What to do: Reproduce only this stretch of the listing below: from the line with "Omega Seamaster Professional." through the line with "DK30-01-D06／Abstract Print &", exactly as written, with pictures excluded.

Dataset:
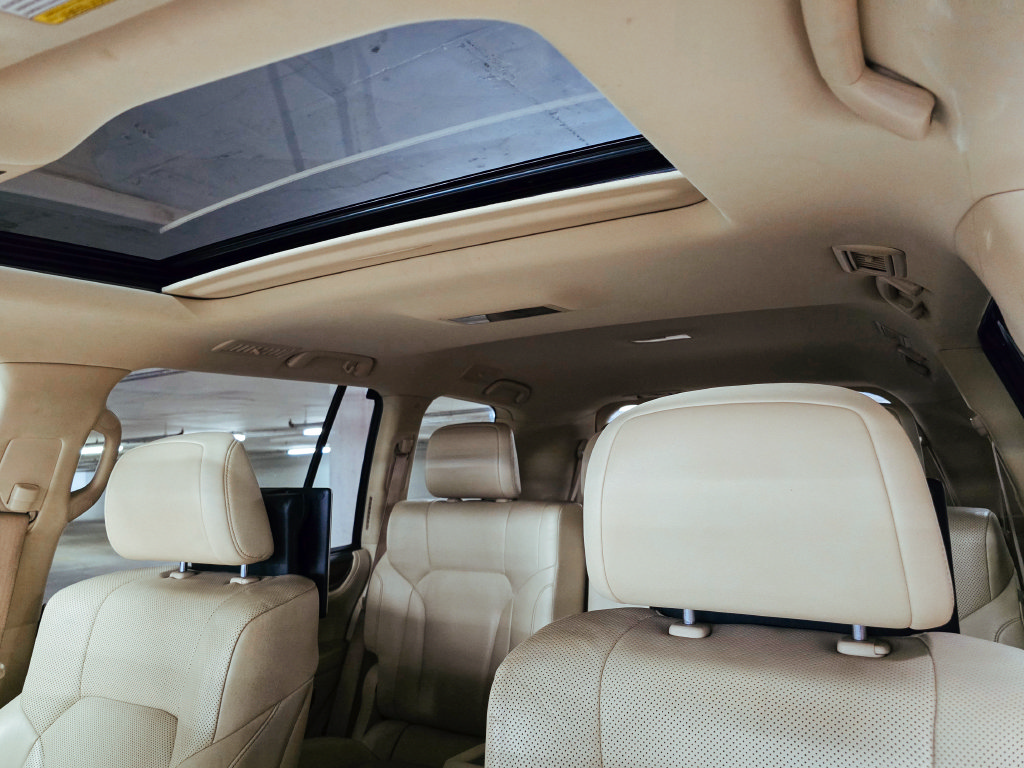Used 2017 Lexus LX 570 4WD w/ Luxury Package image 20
---
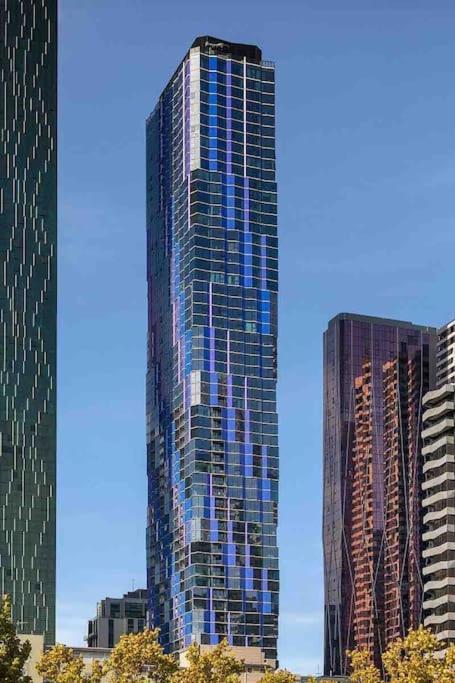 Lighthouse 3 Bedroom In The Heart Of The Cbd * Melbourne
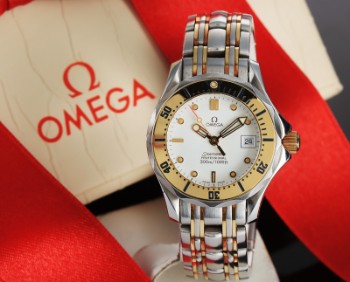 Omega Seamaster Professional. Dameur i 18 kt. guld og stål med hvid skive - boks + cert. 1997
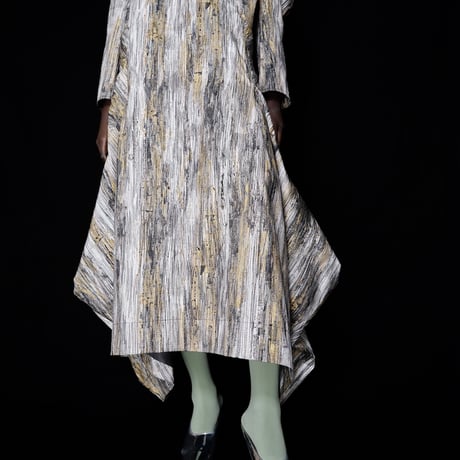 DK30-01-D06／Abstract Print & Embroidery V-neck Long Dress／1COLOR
---
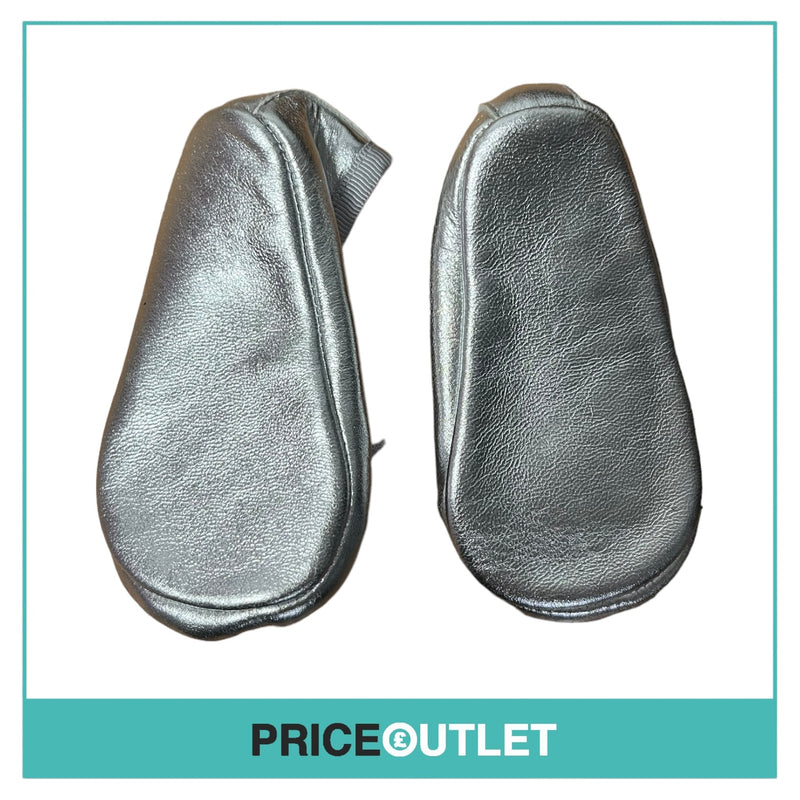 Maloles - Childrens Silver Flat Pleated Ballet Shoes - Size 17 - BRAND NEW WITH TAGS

Answer below:
 Omega Seamaster Professional. Dameur i 18 kt. guld og stål med hvid skive - boks + cert. 1997
 DK30-01-D06／Abstract Print & Embroidery V-neck Long Dress／1COLOR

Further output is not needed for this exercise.